# Activity
Since the copy must hold text only, transcribe the data below exactly and omit the images.

# Supplied data
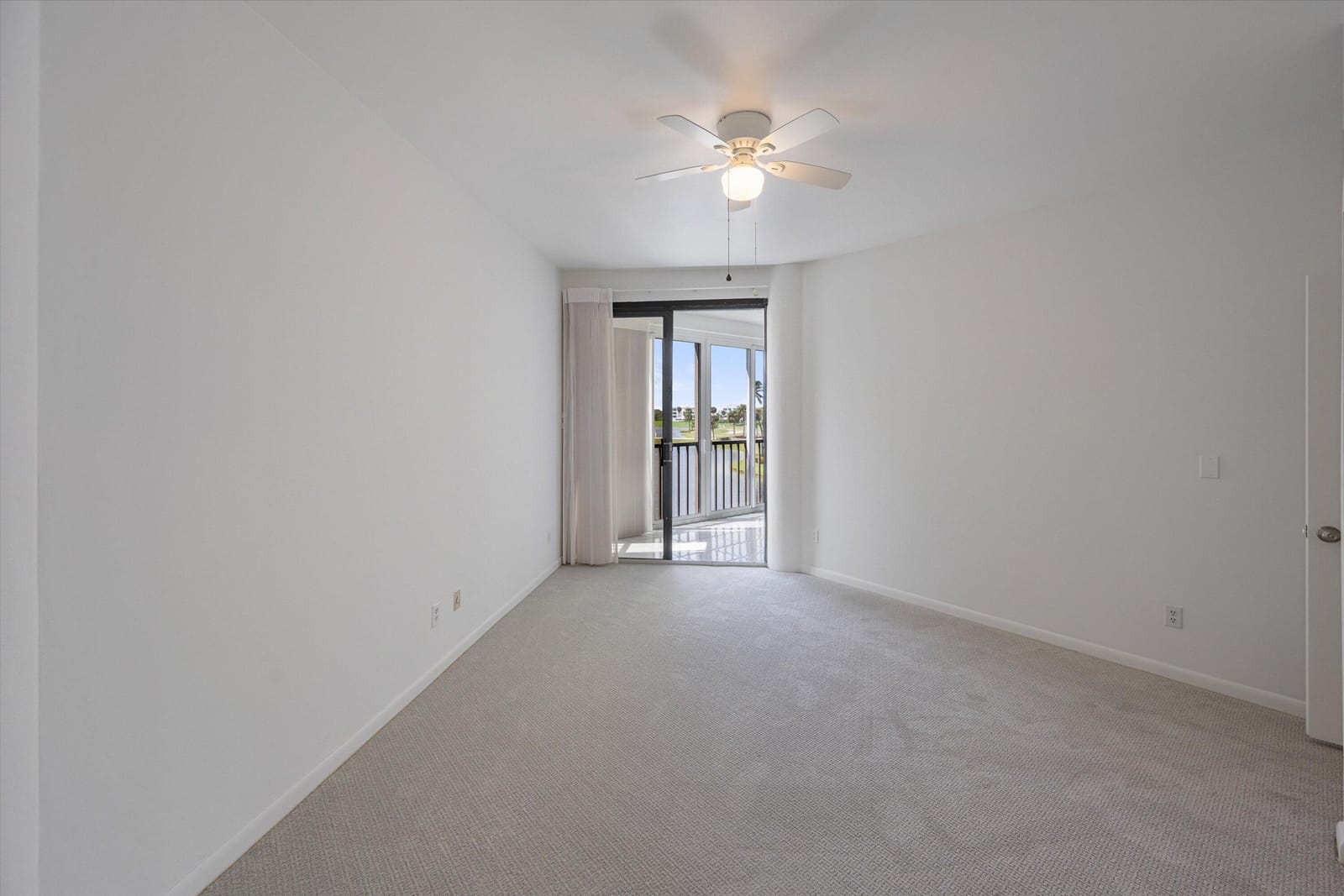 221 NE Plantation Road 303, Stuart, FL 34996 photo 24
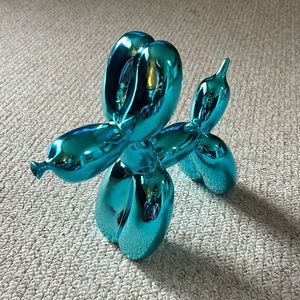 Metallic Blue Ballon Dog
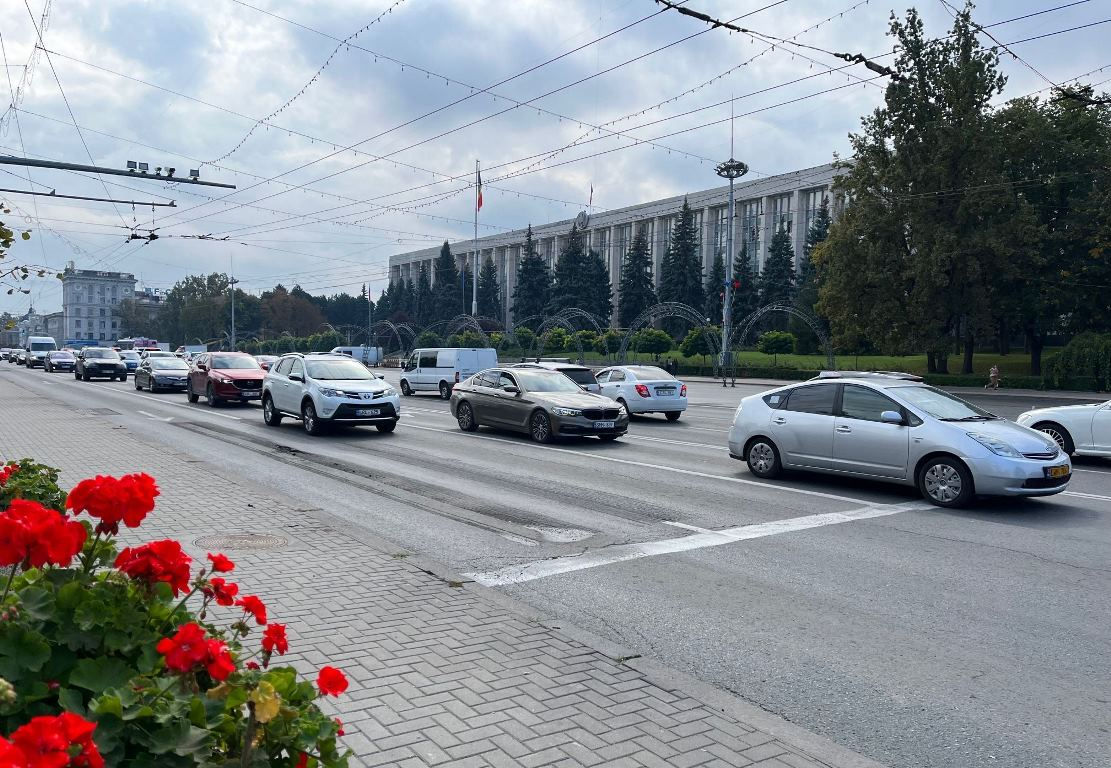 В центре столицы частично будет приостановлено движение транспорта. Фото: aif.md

# Exercise response
 221 NE Plantation Road 303, Stuart, FL 34996 photo 24
 Metallic Blue Ballon Dog
 В центре столицы частично будет приостановлено движение транспорта. Фото: aif.md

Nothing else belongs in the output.